Ancient Persia was a powerful empire of its time, stretching from Macedonia and Libya all the way to the borders of India. In contrast, modern-day Iran is a backward theocracy led by religious fanatics, where the people - especially women - are subjected to the yoke of medieval religion.

In recent years, the country has witnessed an incomprehensible drama by Western standards, where women have refused to comply with the demands of the morality police, despite being raped, tortured, and killed in large numbers.

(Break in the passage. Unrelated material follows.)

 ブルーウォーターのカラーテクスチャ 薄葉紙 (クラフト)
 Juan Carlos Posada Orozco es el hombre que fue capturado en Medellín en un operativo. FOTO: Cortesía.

Undoubtedly, all of this has affected every Iranian in one way or another, polarizing society. For example, many Iranian opposition figures in exile have stated that the recent airstrikes by the ayatollahs on Israel do not have the support of the entire nation, even though they were in response to an Israeli operation in Syria that resulted in the deaths of three Iranian generals.

The Iranian strike itself had little military impact, as Israel's air defense successfully intercepted the hundreds of drones and ballistic missiles sent by Iranian and Yemeni Houthi forces. Reports do not mention any casualties from the strike, but they do note that some people were wounded - including one child victim.

It remains to be seen how Israel will respond to Iran's attack. At this stage, the only certainty is that the consequences are significantly more serious for the Persians than what was seen in Israel last night.

All of this could have been predicted well before Iran's attack. And so, it begs the question: why was the attack launched last night, even though the outcome was known to be dismal for the aggressor?

One possible explanation could be that, as a result of the violence faced by women, an increasingly large portion of Iran's population is fed up with the clerical regime. Consequently, the country's religious authorities have decided to exploit Israel's strike in Syria to foster national unity and sweep the discontent raised by human rights issues under the rug.

Using military action to overcome political difficulties is an old and tested method. The most famous example is, of course, Margaret Thatcher's initiation of the Falklands War, which boosted her political approval rating from 25 percent at the start of the war to 59 percent within a couple of months.

And let's not forget the unity of the Finns who had just fought a civil war only two decades earlier when the Winter War began with the Soviet Union's attack. Nor the Ukrainians coming together to resist the Russians after they violated the young state's independence.

If indeed the strengthening of leaders´ domestic political position is behind Iran's attack, it is a bold gamble. Even though the people will undoubtedly rally behind their leaders after Israel retaliates, the mullahs will find themselves in a precarious position after a losing war when searching for those responsible for the defeat.

And that - in the best-case scenario - may even lead to a revolution, resulting in Iran's transition from a theocratic regime to secular power. And Iranian female students may look quite different from what they do now.